Asimismo, Ecatepec es un municipio que también carece de una inclusión económica en el modelo desarrollista del Estado que, en general, deja fuera a muchos sectores de su programa de beneficios y progreso. El municipio destaca por actividades ilícitas como la extorsión, el secuestro, el robo, en otras palabras una actividad delincuencial extendida. Esto genera un caldo de cultivo que incide en los niveles alarmantes de agresiones hacia las mujeres.

En los jhuggis de Delhi igualmente se detecta la exclusión educativa, social y económica que redunda en la violencia exacerbada hacia las mujeres que en situación extrema ni siquiera pueden salir al baño por la noche –ya que evidentemente no cuentan con servicios sanitarios en sus viviendas— porque corren el riesgo de ser asaltadas sexualmente y asesinadas si oponen resistencia al agresor.

Lo anterior de ninguna manera lleva a la criminalización de la pobreza ni de la gente que vive en esa precariedad, sino a la denuncia de un modelo económico que produce una gran frustración y deshumanización entre amplios segmentos de la población que permanecen en la periferia de esquemas de un desarrollo no incluyente. Los niveles de violencia doméstica elevados están vinculados a dominaciones concéntricas.

Por un lado, está un sistema de explotación laboral que subyuga a los hombres (y también a las mujeres) con salarios de hambre, que produce, a su vez, condiciones económicas, sociales y familiares precarias; por otro lado, los cabezas de familia además deben desempeñar un papel de proveedores dentro de un esquema machista y terminan por ejercer una dominación ellos mismos en su entorno, sacando su frustración y resentimiento hacia los más vulnerables como son niños y mujeres.

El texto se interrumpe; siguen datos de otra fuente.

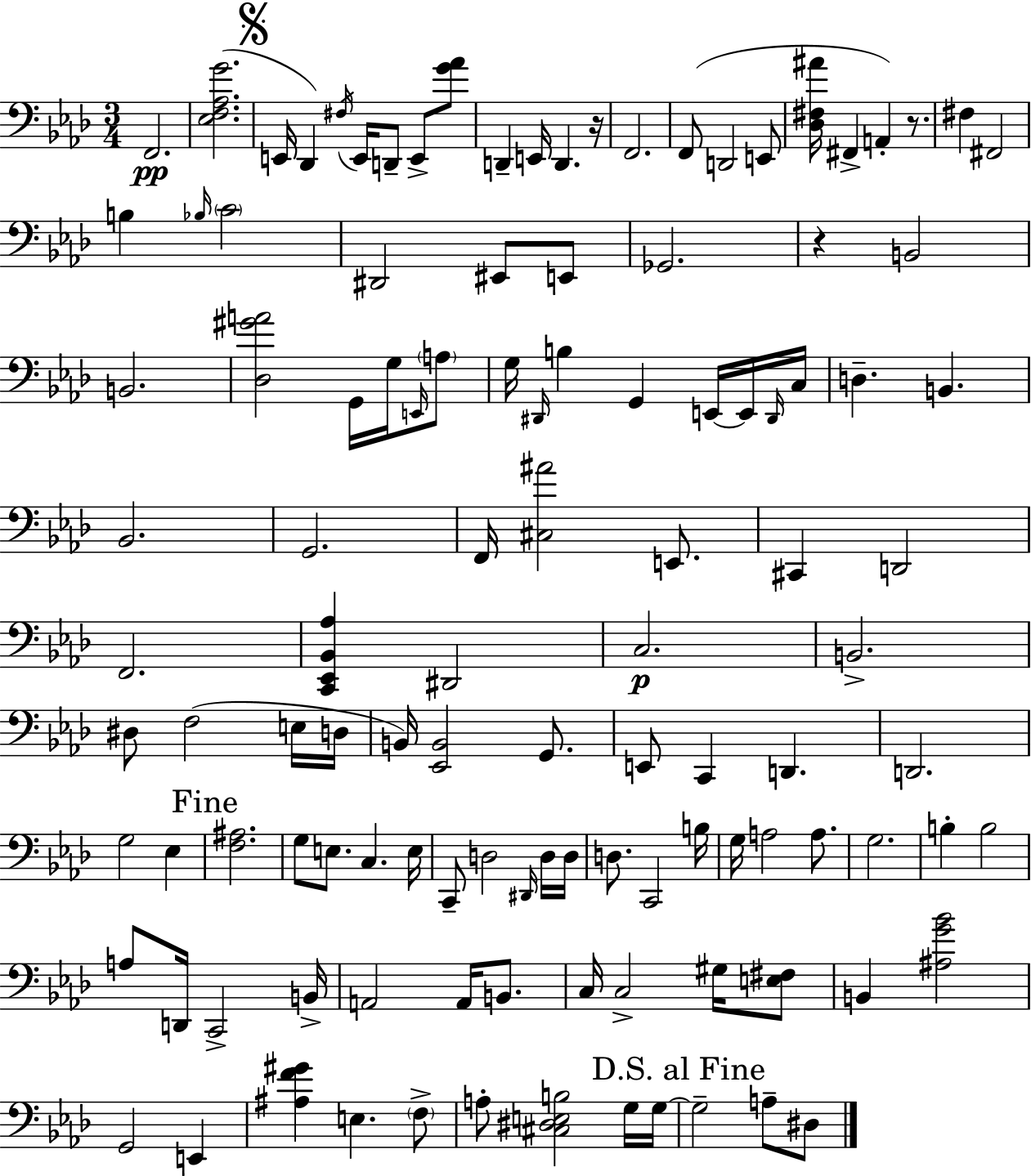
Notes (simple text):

F2/h. [Eb3,F3,Ab3,G4]/h. E2/s Db2/q F#3/s E2/s D2/e E2/e [G4,Ab4]/e D2/q E2/s D2/q. R/s F2/h. F2/e D2/h E2/e [Db3,F#3,A#4]/s F#2/q A2/q R/e. F#3/q F#2/h B3/q Bb3/s C4/h D#2/h EIS2/e E2/e Gb2/h. R/q B2/h B2/h. [Db3,G#4,A4]/h G2/s G3/s E2/s A3/e G3/s D#2/s B3/q G2/q E2/s E2/s D#2/s C3/s D3/q. B2/q. Bb2/h. G2/h. F2/s [C#3,A#4]/h E2/e. C#2/q D2/h F2/h. [C2,Eb2,Bb2,Ab3]/q D#2/h C3/h. B2/h. D#3/e F3/h E3/s D3/s B2/s [Eb2,B2]/h G2/e. E2/e C2/q D2/q. D2/h. G3/h Eb3/q [F3,A#3]/h. G3/e E3/e. C3/q. E3/s C2/e D3/h D#2/s D3/s D3/s D3/e. C2/h B3/s G3/s A3/h A3/e. G3/h. B3/q B3/h A3/e D2/s C2/h B2/s A2/h A2/s B2/e. C3/s C3/h G#3/s [E3,F#3]/e B2/q [A#3,G4,Bb4]/h G2/h E2/q [A#3,F4,G#4]/q E3/q. F3/e A3/e [C#3,D#3,E3,B3]/h G3/s G3/s G3/h A3/e D#3/e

Enfatizar este aspecto no es deslindar de su responsabilidad a los agresores, ni convertirlos en víctimas (aunque en cierta medida lo son de un modelo económico basado en la injusticia social), ni se sugiere que la violencia de género se reduce al ámbito doméstico, porque como se ha visto es un fenómeno que permea todas las esferas, incluso las percibidas como progresistas como puede ser la academia.

La cuestión es insistir en la necesidad de atención prioritaria a uno de los aspectos que tiene gran peso en la problemática de la violencia de género como es el paradigma económico actual.

Un desarrollo incluyente debe implementar programas de inclusión social; educación con perspectiva de género para combatir las nuevas masculinidades más agresivas, además de atender aspectos de infraestructura y desarrollo urbano.

Un desarrollo incluyente debe implementar programas de inclusión social que incorporen a jóvenes que se repliegan hacia el dominio de actividades ilícitas; educación con perspectiva de género para combatir las nuevas masculinidades más agresivas como las que se generan en el seno del crimen organizado, además de atender aspectos de infraestructura y desarrollo urbano en las zonas donde se registran elevadas cifras de mujeres víctimas de feminicidio, la mayoría de los casos, lugares en periferia invisibilizados por los gobiernos.

En la crisis de violencia de género no hay atajos para su resolución ni teorías fáciles para explicarla pero deben contemplarse todas sus posibles aristas incluida la violencia económica generada por un modelo de explotación y su vinculación con la agenda siempre pendiente de acceso a la justicia social.